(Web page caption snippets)
--*--

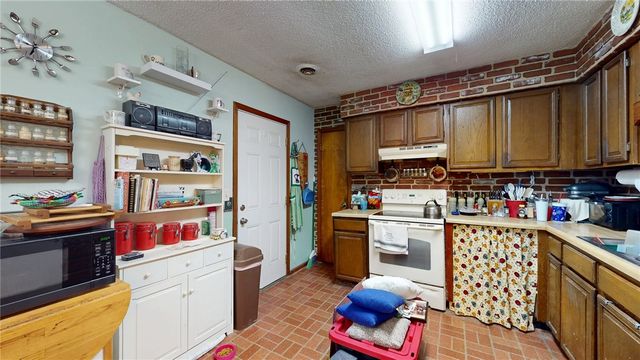 2710 Villa Boulevard, Fayetteville, AR 72703
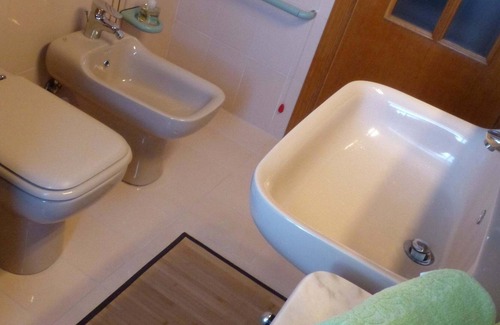 Rezza Apartment | casaB: we welcome you with joy & passion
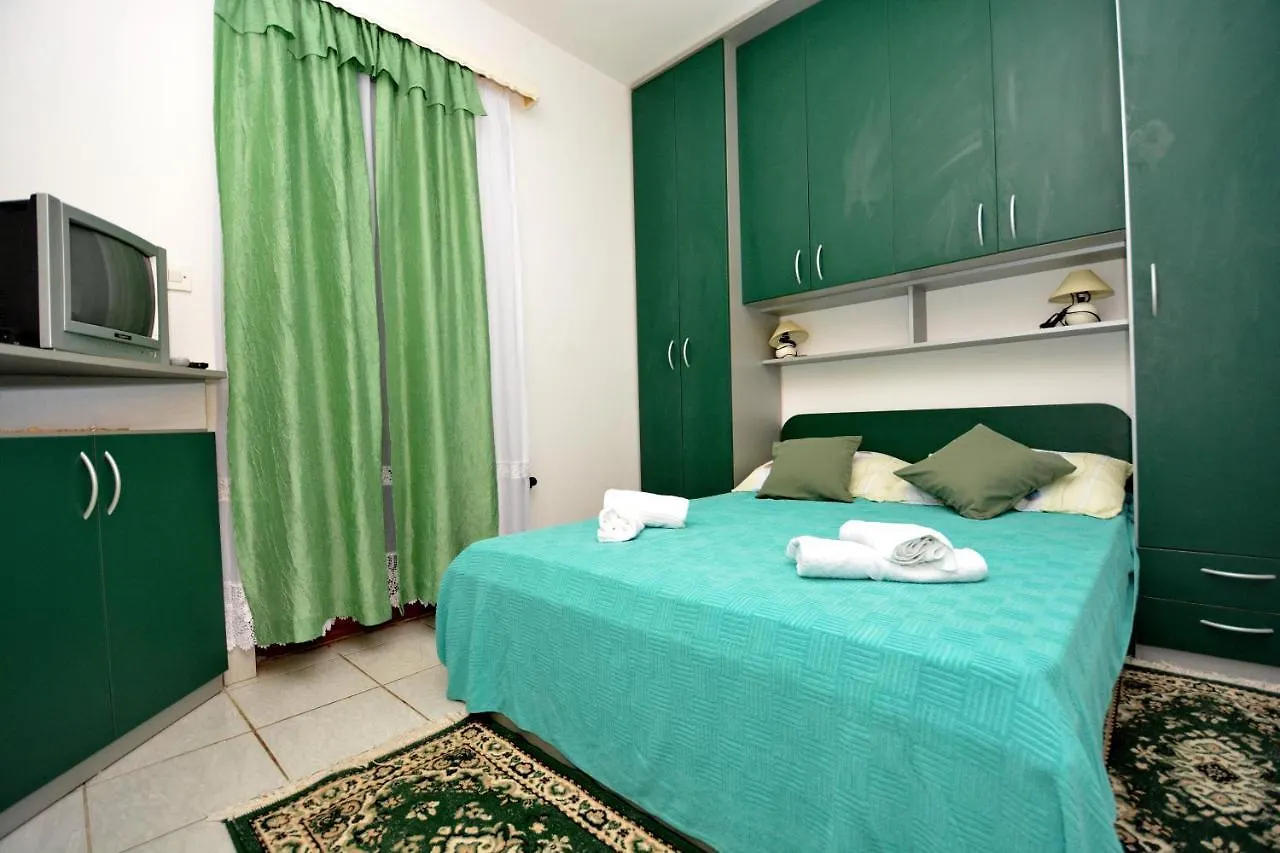 Apartment Puntadura Beach Vir 0*,  Kroatien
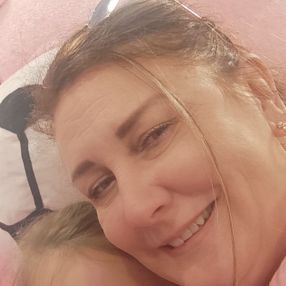 Manuela, Babysitter in Nettuno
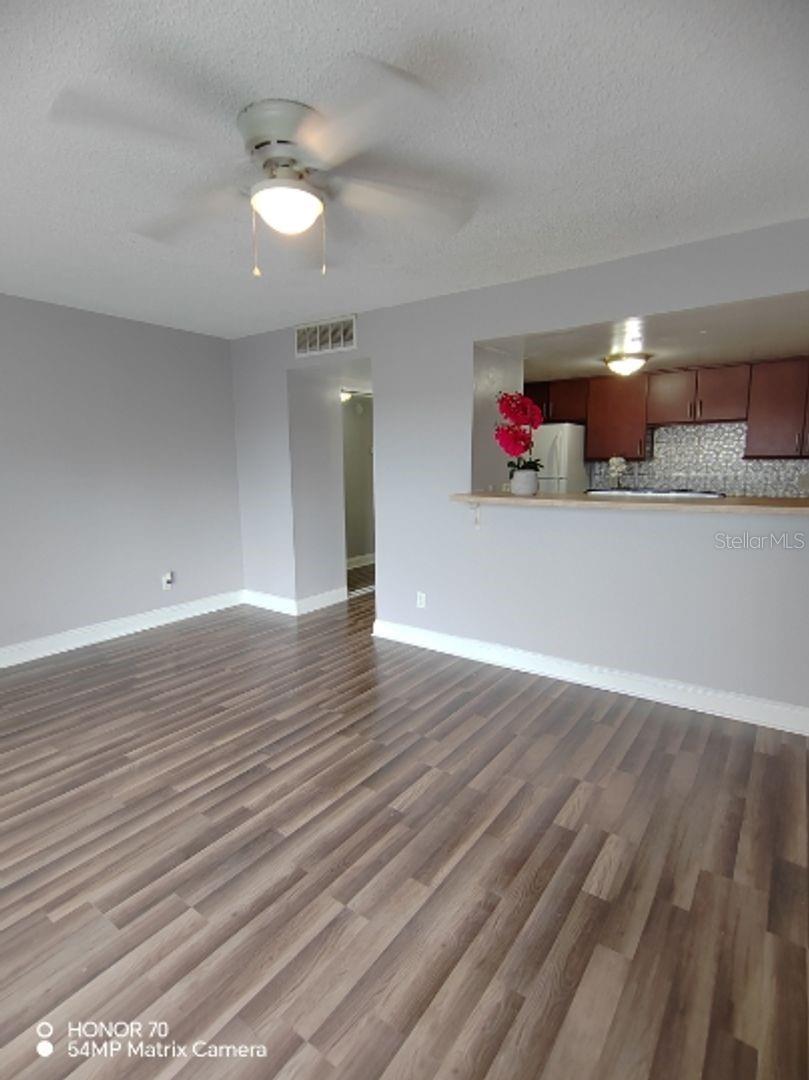 THE TAMPA RACQUET CLUB A CONDO - Residential Lease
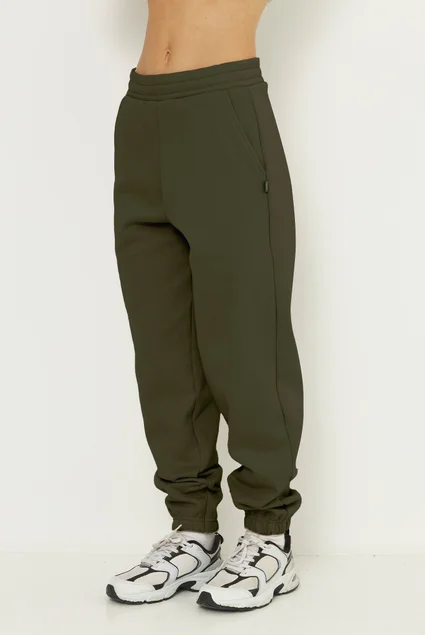 calca unissex em moletom peluciado com bolsos retroy verde militar 1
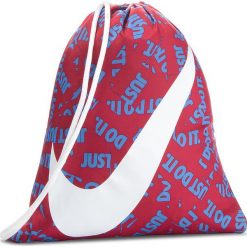 Plecak NIKE - BA5262 618. Czerwone plecaki damskie Nike, z materiału, sportowe. Za 49.00 zł.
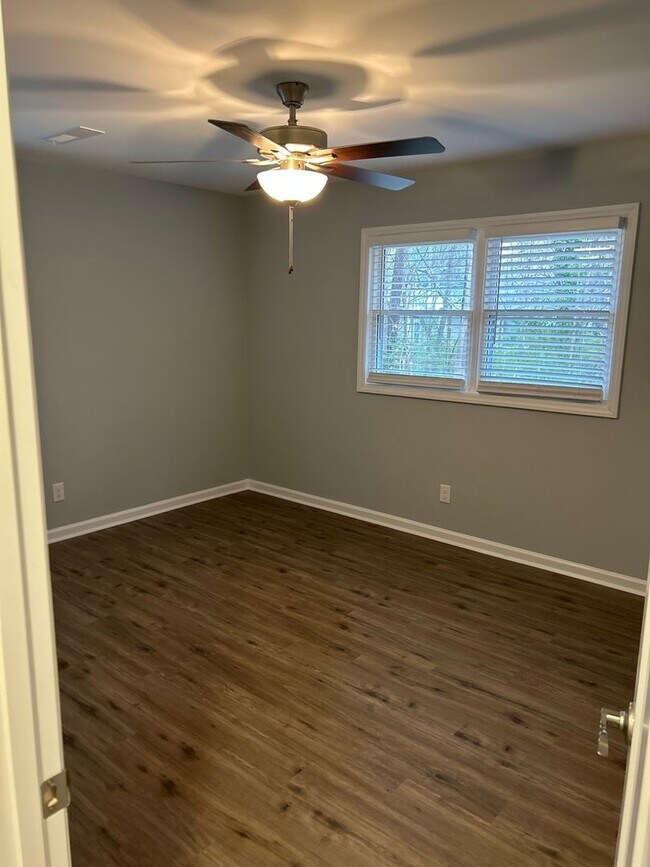 Building Photo - 128 Turner St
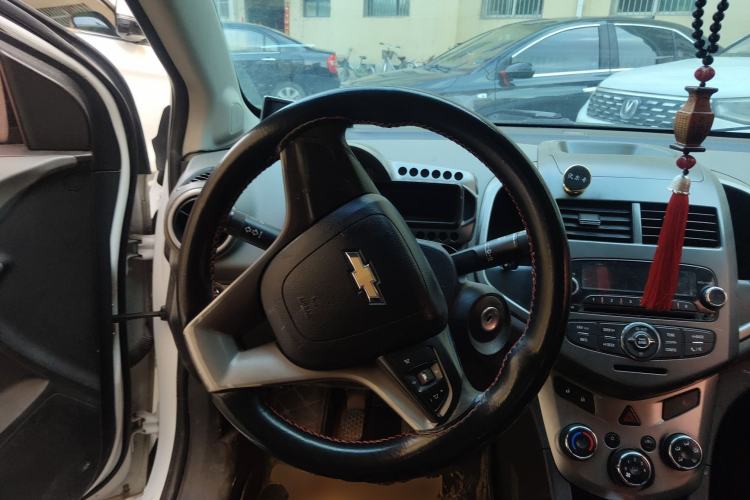 Used Chevrolet Aveo Sonic 2011 Sedan 1.6L Manual Transmission SX Steering Wheel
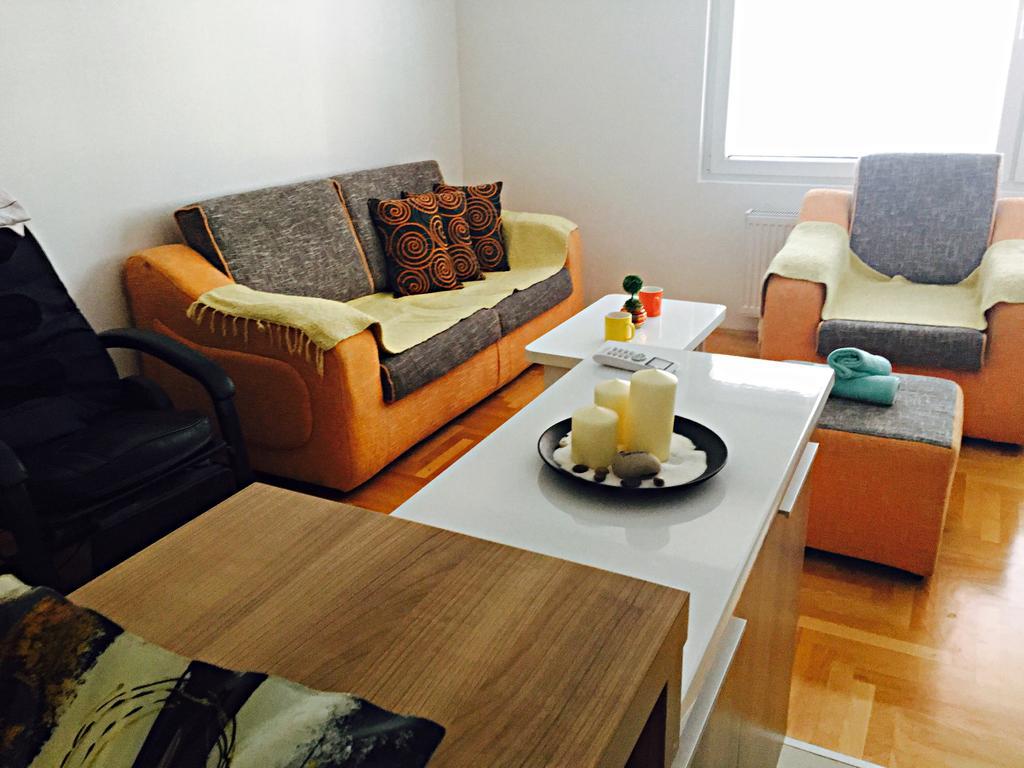 Regina'S Apartments 斯科普里 外观 照片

--*--

Description of the task:
Could you repeat all of the entries exactly, without the pictures?

Exercise response:
 2710 Villa Boulevard, Fayetteville, AR 72703
 Rezza Apartment | casaB: we welcome you with joy & passion
 Apartment Puntadura Beach Vir 0*,  Kroatien
 Manuela, Babysitter in Nettuno
 THE TAMPA RACQUET CLUB A CONDO - Residential Lease
 calca unissex em moletom peluciado com bolsos retroy verde militar 1
 Plecak NIKE - BA5262 618. Czerwone plecaki damskie Nike, z materiału, sportowe. Za 49.00 zł.
 Building Photo - 128 Turner St
 Used Chevrolet Aveo Sonic 2011 Sedan 1.6L Manual Transmission SX Steering Wheel
 Regina'S Apartments 斯科普里 外观 照片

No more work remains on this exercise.